Non stiamo parlando di “giustizia sociale”, ma stiamo parlando di
umanità nei rapporti sociali, nei quali lo sfruttamento non deve mai
essere consentito, neppure se il creditore ha delle ragioni giuridiche,
in quanto il diritto alla vita delle persone è più importante (anche
economicamente parlando) dei diritti dei creditori nei confronti dei
debitori.
Abbiamo accennato sopra ai creditori che hanno il potere, a certe
condizioni, di creare da nulla il denaro che prestano. Questo è il caso
delle banche commerciali che, oggi, possono creare il denaro che
prestano a fronte di certe garanzie presentate alla banca centrale e,
naturalmente, a fronte di certe garanzie che il denaro prestato venga
restituito. Se il denaro creato viene restituito, scompare dal bilancio,
lasciando al prestatore solo gli utili, che sono gli interessi. Si
tratta di un meccanismo simile a quello rappresentato dal comico Erminio
Macario in un suo famoso sketch.
La cosa importante è che la restituzione del prestito sia garantita. O,
se non è garantita in modo totale, che l’imposizione delle successive
condizioni di rinnovo del debito (ad esempio lo sfruttamento a proprio
vantaggio di risorse minerarie) consentano al prestatore di far
rientrare i capitali prestati insieme a degli utili.

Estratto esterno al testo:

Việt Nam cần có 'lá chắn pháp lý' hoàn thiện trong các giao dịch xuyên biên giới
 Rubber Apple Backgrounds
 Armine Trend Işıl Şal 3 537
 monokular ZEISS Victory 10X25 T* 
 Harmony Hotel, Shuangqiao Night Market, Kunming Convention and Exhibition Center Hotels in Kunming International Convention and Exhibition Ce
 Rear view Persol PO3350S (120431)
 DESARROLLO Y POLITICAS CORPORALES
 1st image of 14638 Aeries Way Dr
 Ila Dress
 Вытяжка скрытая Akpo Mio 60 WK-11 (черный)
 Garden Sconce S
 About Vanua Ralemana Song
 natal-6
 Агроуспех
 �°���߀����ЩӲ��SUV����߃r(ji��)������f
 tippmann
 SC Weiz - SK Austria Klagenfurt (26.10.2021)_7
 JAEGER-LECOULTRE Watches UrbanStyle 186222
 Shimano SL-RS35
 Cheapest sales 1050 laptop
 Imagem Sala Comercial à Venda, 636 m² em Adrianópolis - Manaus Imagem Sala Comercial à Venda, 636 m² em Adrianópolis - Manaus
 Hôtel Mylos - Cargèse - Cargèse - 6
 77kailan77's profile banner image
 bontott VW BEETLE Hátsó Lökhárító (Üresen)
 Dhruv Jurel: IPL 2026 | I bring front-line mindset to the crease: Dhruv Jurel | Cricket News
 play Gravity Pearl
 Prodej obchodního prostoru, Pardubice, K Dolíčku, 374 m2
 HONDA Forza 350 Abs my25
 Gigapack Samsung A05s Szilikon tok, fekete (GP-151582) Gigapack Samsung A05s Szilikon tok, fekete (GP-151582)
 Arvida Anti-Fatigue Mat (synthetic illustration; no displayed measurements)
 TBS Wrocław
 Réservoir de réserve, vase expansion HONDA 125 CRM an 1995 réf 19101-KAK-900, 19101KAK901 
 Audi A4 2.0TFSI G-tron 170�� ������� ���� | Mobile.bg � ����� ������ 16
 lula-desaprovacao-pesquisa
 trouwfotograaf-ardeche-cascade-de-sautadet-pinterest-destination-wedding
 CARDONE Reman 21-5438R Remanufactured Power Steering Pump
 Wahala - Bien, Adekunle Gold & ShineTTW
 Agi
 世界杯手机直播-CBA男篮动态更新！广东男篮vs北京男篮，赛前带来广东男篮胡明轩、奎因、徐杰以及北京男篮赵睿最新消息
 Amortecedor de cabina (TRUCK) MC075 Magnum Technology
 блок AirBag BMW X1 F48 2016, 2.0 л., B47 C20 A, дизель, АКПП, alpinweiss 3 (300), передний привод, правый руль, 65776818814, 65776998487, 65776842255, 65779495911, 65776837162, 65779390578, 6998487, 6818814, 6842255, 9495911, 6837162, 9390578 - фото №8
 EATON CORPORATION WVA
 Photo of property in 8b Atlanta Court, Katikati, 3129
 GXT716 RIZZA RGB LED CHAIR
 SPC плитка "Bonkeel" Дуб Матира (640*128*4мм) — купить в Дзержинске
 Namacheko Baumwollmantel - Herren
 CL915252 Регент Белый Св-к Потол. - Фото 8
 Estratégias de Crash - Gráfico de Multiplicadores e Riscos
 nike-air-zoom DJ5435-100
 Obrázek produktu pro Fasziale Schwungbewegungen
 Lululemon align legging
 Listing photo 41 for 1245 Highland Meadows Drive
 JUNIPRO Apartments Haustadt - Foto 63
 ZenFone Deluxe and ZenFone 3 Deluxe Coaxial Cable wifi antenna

Questo meccanismo del debito perenne sta alla base delle maggiori forme di sfruttamento oggi esistenti nel Pianeta, sia nei confronti della fasce povere della popolazione (i ricchi sfruttano i poveri, dai tempi del re di Lagash ad oggi), sia nei confronti delle nazioni povere del mondo.
In questo articolo non ci siamo occupati delle questione relative al debito pubblico, ne parleremo in un prossimo articolo.